И снова работа во всей строгости, и в ней не приносит успокоения даже забвение того, что зовется забвением, – но способствует, чтобы выжило что-то иное, бесконечно более темное требование:
«Долг недремлющей дружбы». Как тревожат нас эти такие простые, такие красивые слова. Каковы бы ни были возражения, колебания, из-за которых
И вот тут-то сновидец окликает фигуру, которая ссужает ему свое прозвище и тем самым от него избавляет.
Ответ лежит в каждом из нас, и мы знаем, что вблизи смерти должны все еще
Не все ли равно? То, что нам ГОВОРИЛО, будет говорить нам всегда, как не перестает слышаться (не это ли и есть вечность?) угасающий финальный аккорд «Квартета на конец времени».
В дарованном стихами порыве я написал сей комментарий (то, что, кажется, может за таковой сойти), закрывая глаза на то прегрешение, каким является перевод поэмы (поэм) приблизительной прозой. Несть более тяжкого искажения. Стихотворения Самюэля Вуда обладают собственным голосом, и его надо услышать, прежде чем задумываться об их понимании. «Затронут оказался стих». Но Малларме еще узнавал в «свободном стихе» «изнуренный» старый александрийский. Как мне хотелось бы суметь выговорить ритм, который, продолжая старомодный стих, придает ему сумрачный, подчас солнечный блеск – возвышенность в простоте, – и вот я заглушаю этими эпитетами голоса, что зовут нас и влекут к последней точке.
Белое Черное
Нужно, полагаю, поговорить об «Остинато», но говорить о нем следует без лишних слов, на языке, который меня преследует, не даваясь.
Остинато4 – это музыкальная помета. Это тема без вариаций, настойчивый мотив, который возвращается и не возвращается. Альбан Берг слышит его у Шумана, слышу и я, как ту единственную ноту, что без конца отдавалась у Шумана в голове, не в силах во что-то развиться.
Это также и «упорная строгость»5 Леонардо да Винчи, очарованию которой подпал молодой Поль Валери, намереваясь взять от нее только строгость.
Однако в случае Луи-Рене Дефоре в центре всего мы сталкиваемся с неким затруднением. Полагаю, в его жизни имела место огромная, бесконечная, непоправимая катастрофа. Пропасть, абсолютный провал. После чего он оказался лишен дара письма. Не думаю, что прозвучала клятва: «Больше не буду писать». Клятву и не нужно было произносить: крушение как бы поглотило того, кто писал.

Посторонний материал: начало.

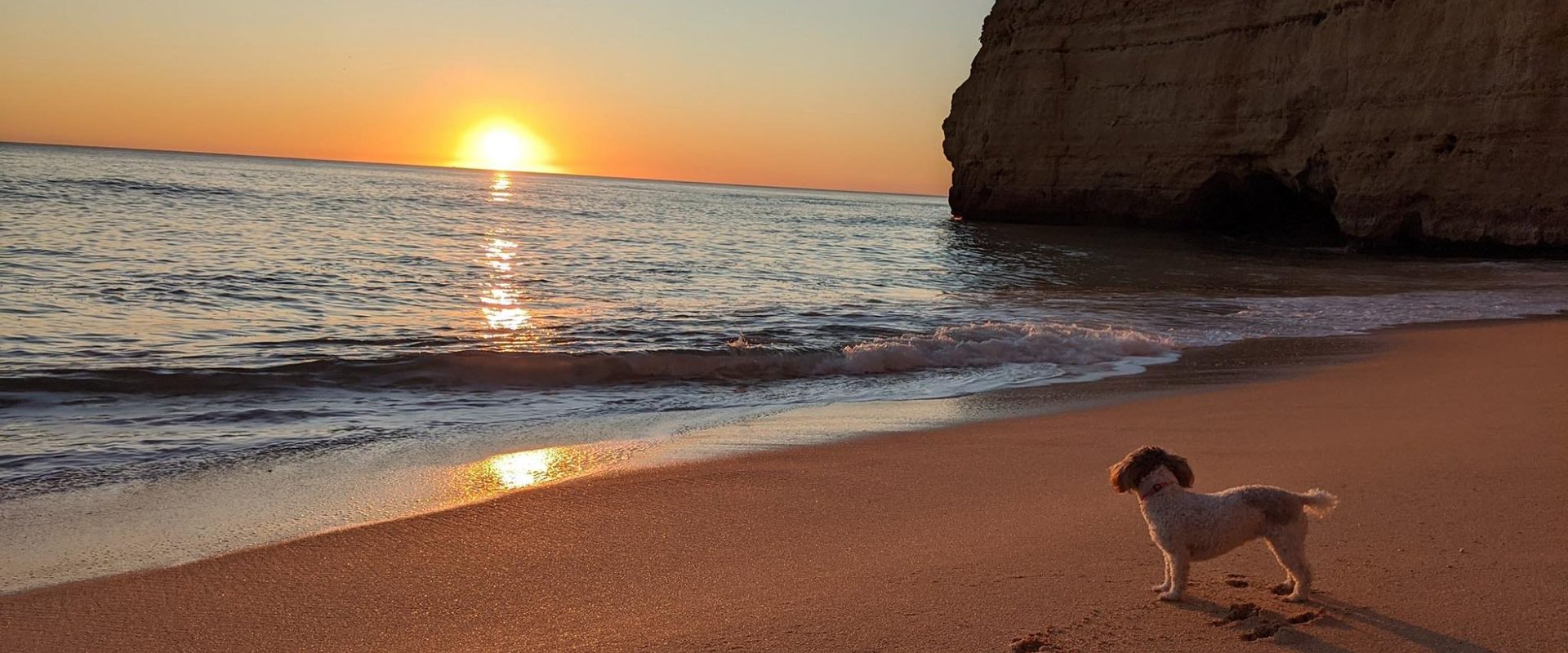 Roger, Le & Jolie on the road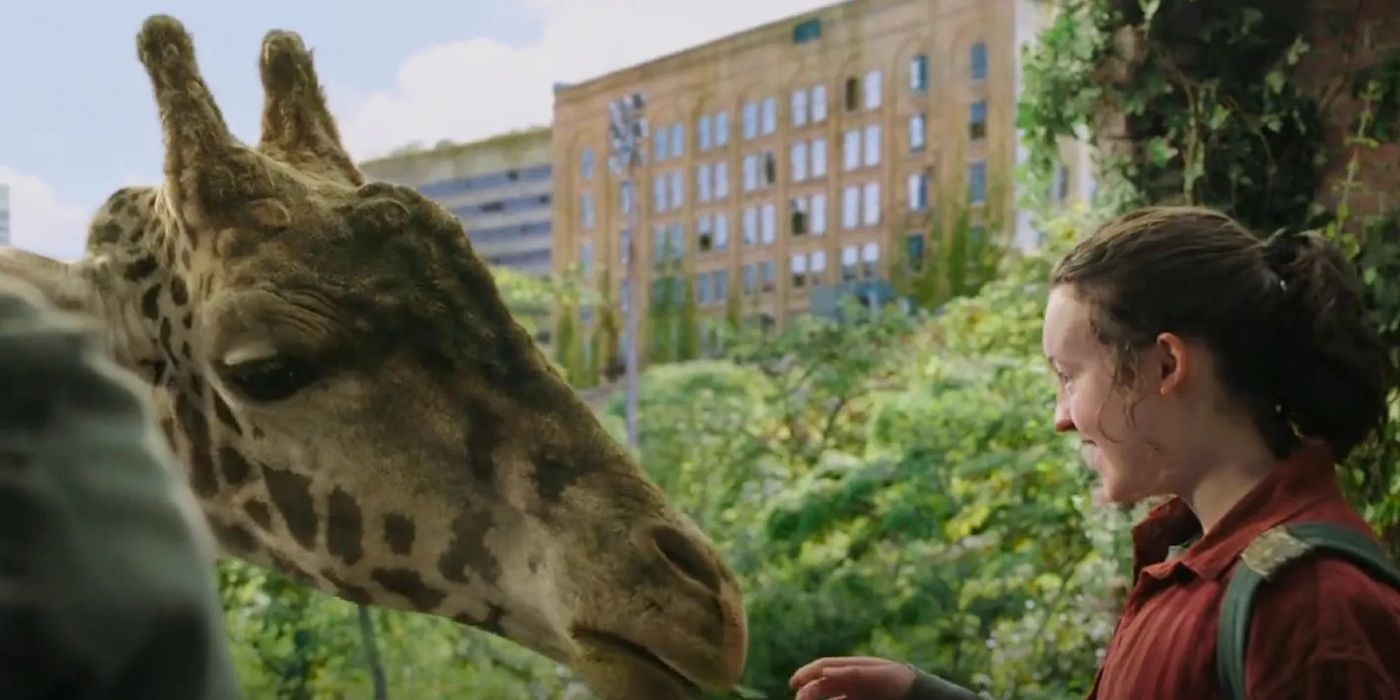 Ellie feeding a giraffe in The Last of Us season 1 finale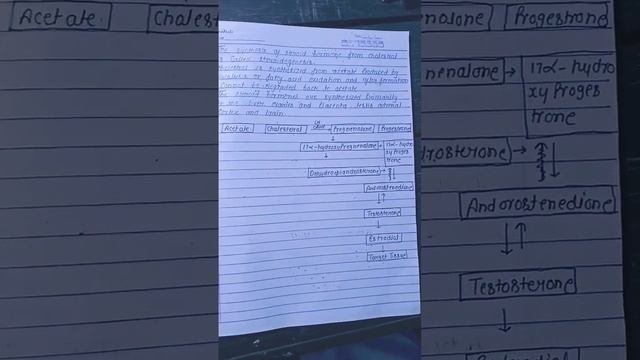 Biosynthesis of steroid hormone msc 3 sem notes #notes #zoologynotes #zoology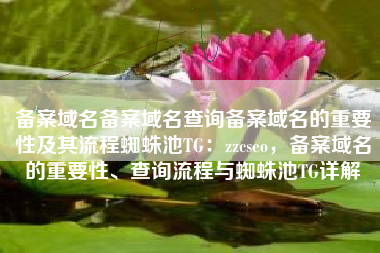 备案域名备案域名查询备案域名的重要性及其流程蜘蛛池TG：zzcseo，备案域名的重要性、查询流程与蜘蛛池TG详解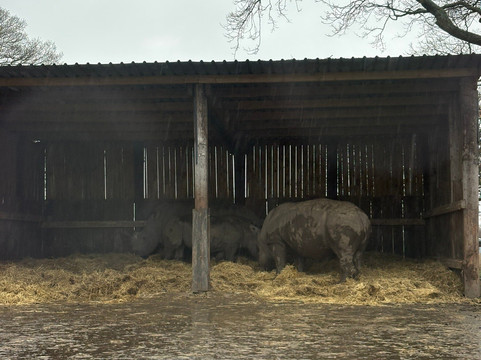 Knowsley Safari-Prescot必去景点
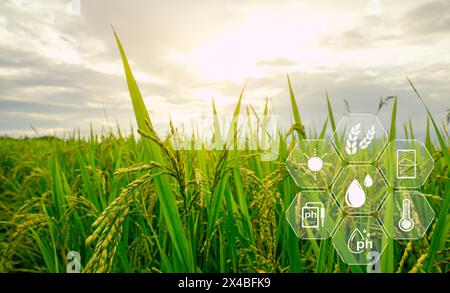 Intelligente Landwirtschaft mit moderner Technologie für nachhaltige Verfahren. Reisfarm. Smart-Farming-Konzept. Nachhaltige Landwirtschaft. Präzisionslandwirtschaft. Stockfoto
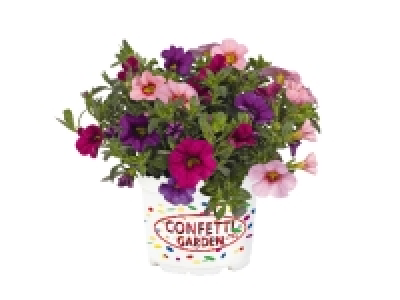 Confetti Garden Plants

Осмелюсь сказать, что так (увы) оно и было. На протяжении лет писатель не писал. И, будто для того, чтобы сделать это прерывание еще трагичнее, тратил время на иные искусства: живопись, рисунок, откуда мне знать? – музыку, может статься.
Что же вернуло его в один прекрасный день к потребности писать, которую не удалось превозмочь ни горю, ни безмолвной клятве, ни непреходящей пустоте? Быть может, он просто понял: чтобы перестать писать, надо писать еще и еще, без конца – до самого конца или с него начиная.
Не бывает пробелов без черноты, тишины без возникающих, чтобы прерваться, речи и шума.